DAMASCUS, Syria — In the world of Syrian bloggers, one computer key is essential.
"You start writing something and then you think about it: Maybe I'll be misunderstood," said Ayman Haykal, a 25-year-old medical student and head of Syria's fledgling bloggers association, sipping an espresso and pondering a culture of selfcensorship. "So you go 'backspace, backspace, backspace.' "
Around him in an airy, wood-paneled cafe in downtown Damascus, voices clattered off the ceiling. Students mingled over roast beef sandwiches and chocolate milkshakes; boys and girls sent come-hither pouts over polished tables. Syria's Internet generation was on display, vanguards in a long-stagnant landscape.
The Internet hasn't dawned easily here -- not in Syria and not across the Arab world, where a virtual war is raging in nearly every country. In Egypt, opposition movements have used the Internet against President Hosni Mubarak, posting street maps to guide people to anti-government demonstrations. Bahraini bloggers are battling the Information Ministry to keep their freewheeling debates alive, and to keep themselves out of prison. In Libya, Tunisia and Syria, too, online politicking has landed people in prison.

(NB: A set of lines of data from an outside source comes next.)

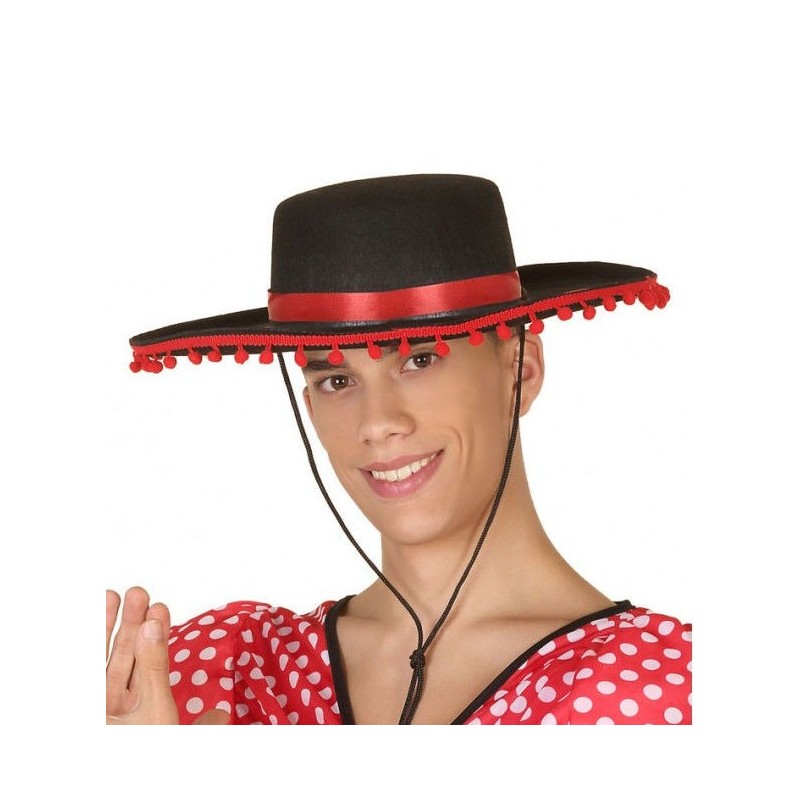 Sombrero cordobes borlas rojas adulto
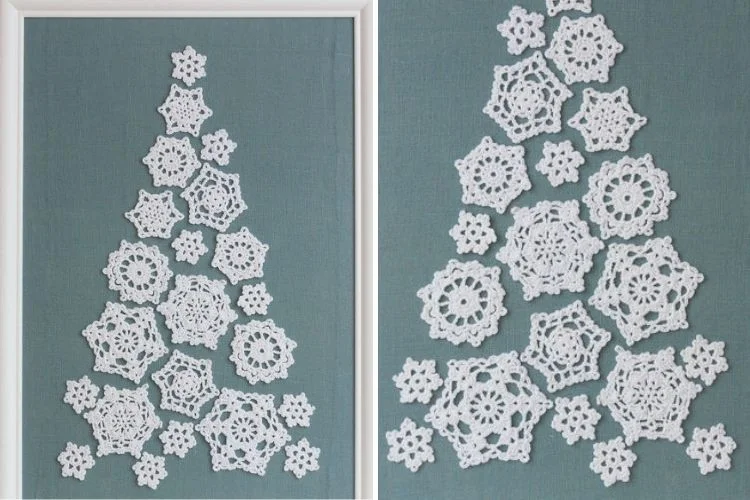 Two pictures of a snowflake christmas tree.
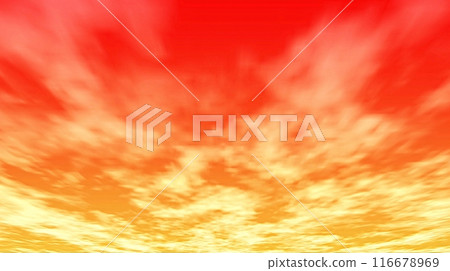 日出和日落時天空中流動的雲彩的插圖 日出和日落時天空中流動的雲彩的插圖 116678969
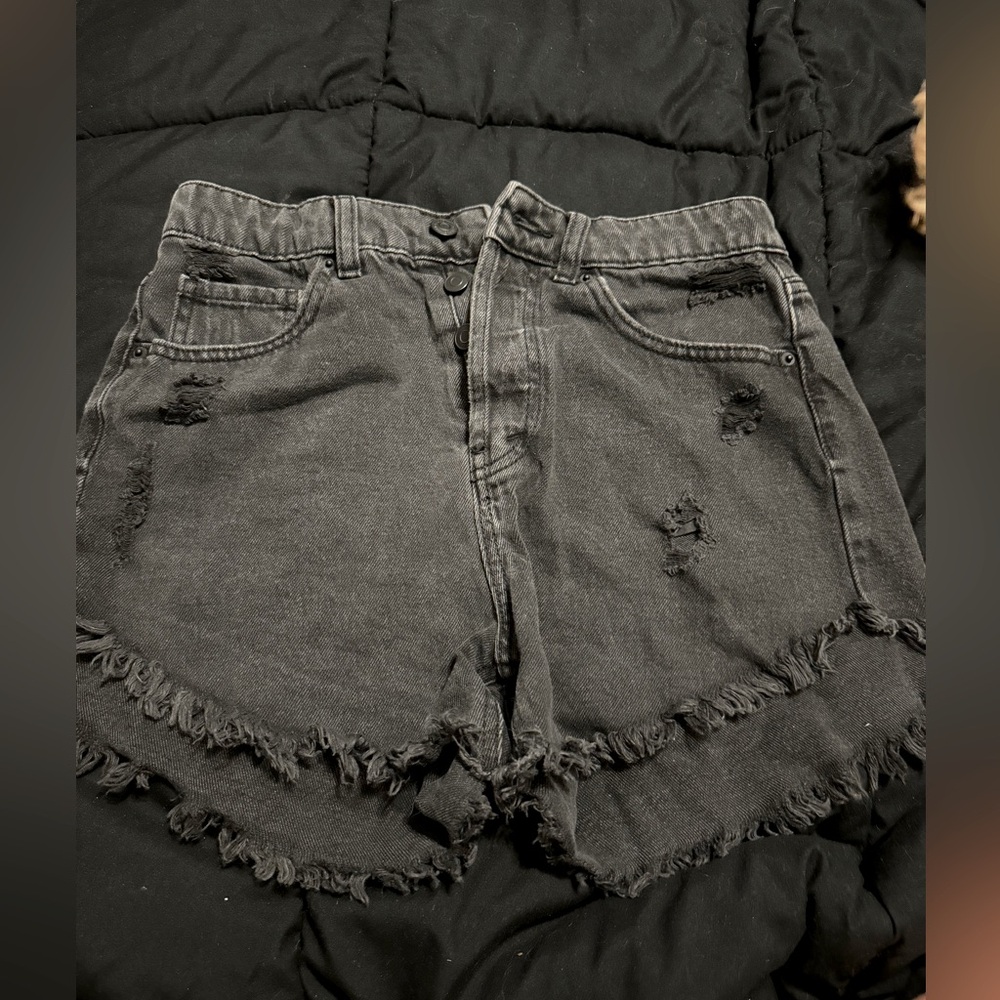 Black Jean shorts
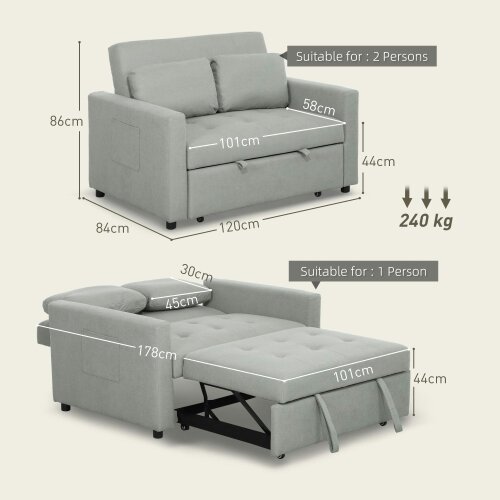 Wyld Haus Sedisa Fabric Light Grey 2 Seater Convertible Sofa Bed With Side Pockets And Cushions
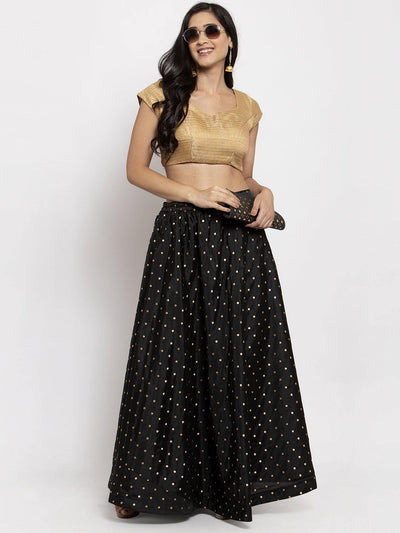 Black and gold-coloured self-design flared maxi skirt with elasticated waistband and drawstring.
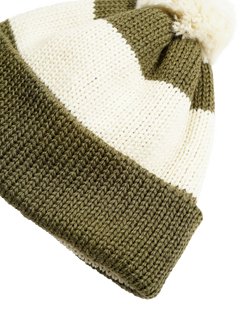 Nigel Cabourn Stripe Wool Bobble Hat, Army - view 2, Army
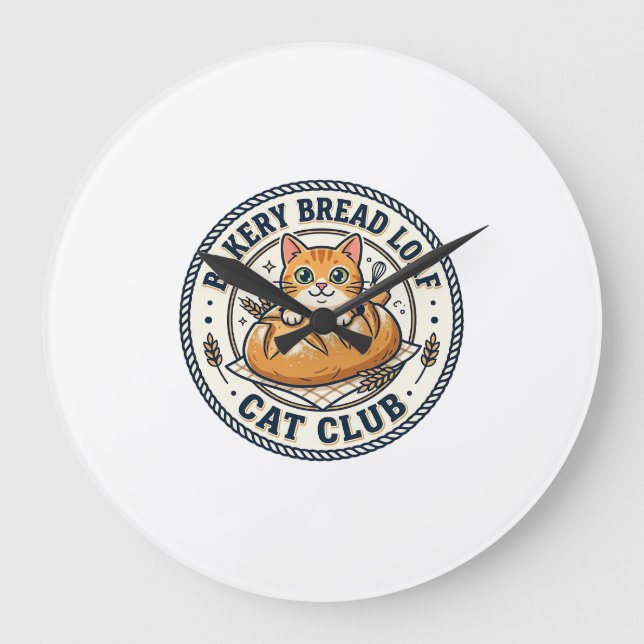 Bakery Bread Loaf Cat Cat Mom Gift Idea - Bakery B Large Clock (Front)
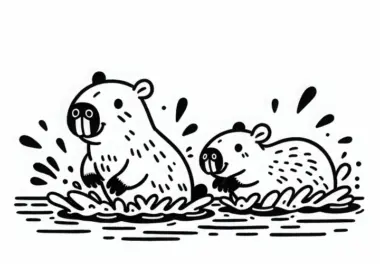 Zwei Wasserschweine Spielen Miteinander im Wasser – Ausmalbild Gratis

For autocrats such as Syrian President Bashar Assad, technology presents a troubling blend of possibility and danger. They eagerly court its economic and educational benefits but struggle, often with a Luddite's bewilderment, to crack down on its use as a mighty political tool.
Arab governments appear determined to censor cyber-critics and silence unwelcome online voices. They've jailed bloggers, blocked websites and asked Internet cafe owners to spy on their customers.
But it's not working.
Online forums have been embraced by Islamists and the Arab world's underground gay communities alike. The Internet has turned into a virtual debate hall crammed with lengthy screeds, cutting language and calls for rebellion. A colorful repository for the angst of the bulging Arab youth population, the Web is impolite, anonymous and raw -- in short, a revelation.

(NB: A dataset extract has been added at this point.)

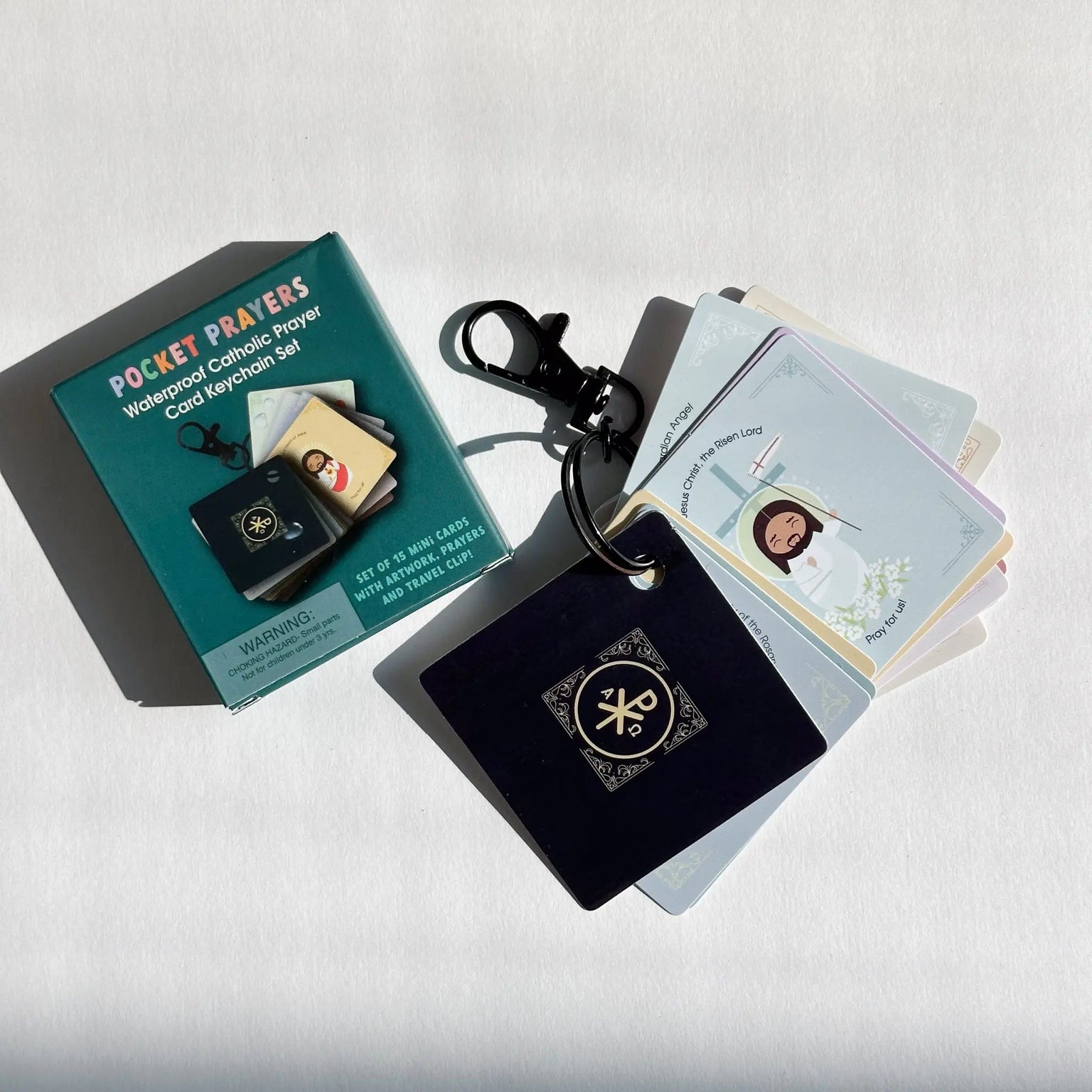 Pocket Prayers Waterproof Catholic Prayer Card Keychain Set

The new Arab computer devotees have little in common, but they band together for their Internet freedom. They dodge government eyes with encryption and proxy servers. They organize online campaigns against media law and revolt against restrictions on Internet cafes.

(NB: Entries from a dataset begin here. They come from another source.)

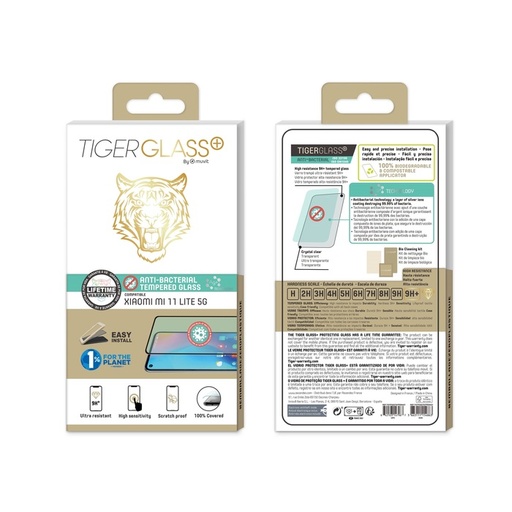 [77157067141] Muvit Screen Protector Tiger Glass compatible with Xiaomi Mi 11 Lite
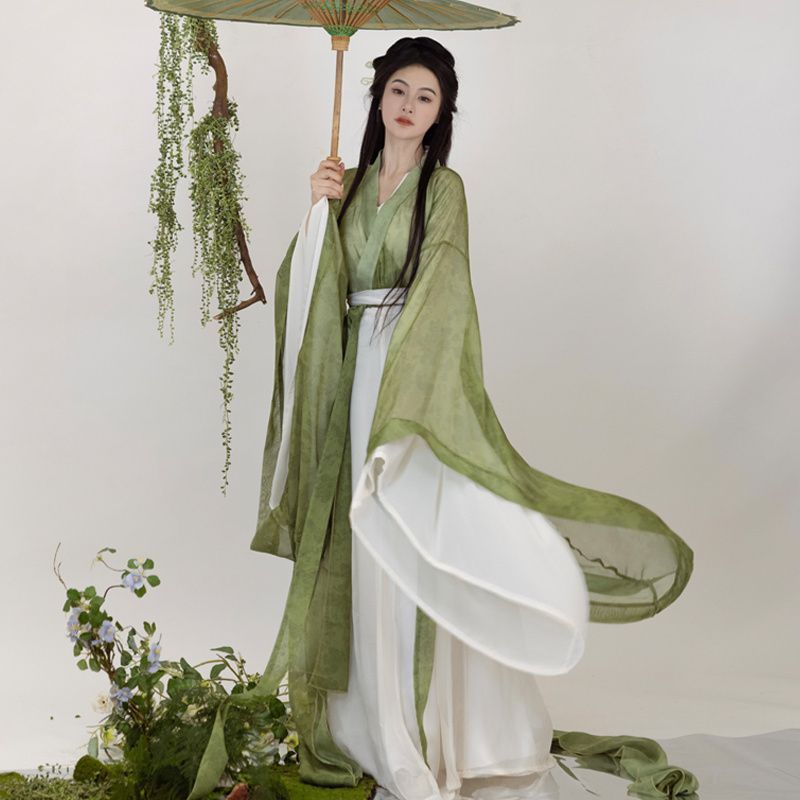 古装汉服齐腰魏晋南北朝成女八破裙素款清冷风仙小红书一件代发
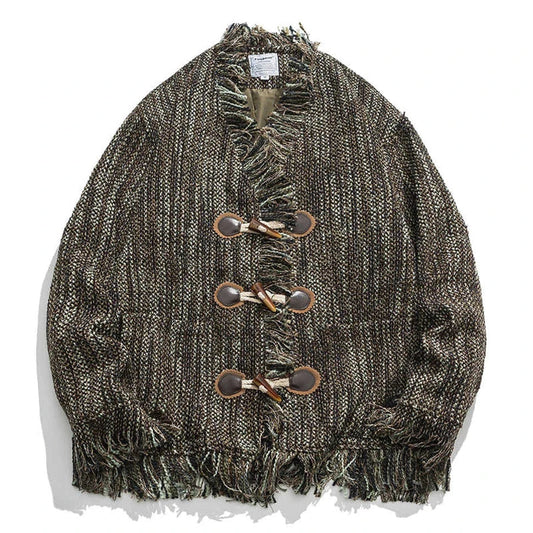 vintage tassel jacket for men 2023 autumn harajuku retro button coat man loose outwear streetwear men clothing unisex urban fashion pants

"It's a cat-and-mouse game," said Gamal Eid, an Egyptian lawyer who specializes in Internet restrictions in the Arab world. "You try to use the back roads, and the regime tries to do the same."
Ayman Abdel Nour knows a thing or two about cat-and-mouse.
The Syrian government has been trying to silence him for more than a year, ever since he wrote a particularly acidic piece on ruling Baath Party officials and posted it on his website. It wasn't long before the tart-tongued economist awoke to find the site, all4syria.org, smothered by a white screen and a warning: "Forbidden."
"The government gives herself the right that she's more mature than you," an indignant Abdel Nour said on a recent morning as sunlight flooded his apartment in Damascus, the Syrian capital. "She will decide for you which site you can see and which is forbidden."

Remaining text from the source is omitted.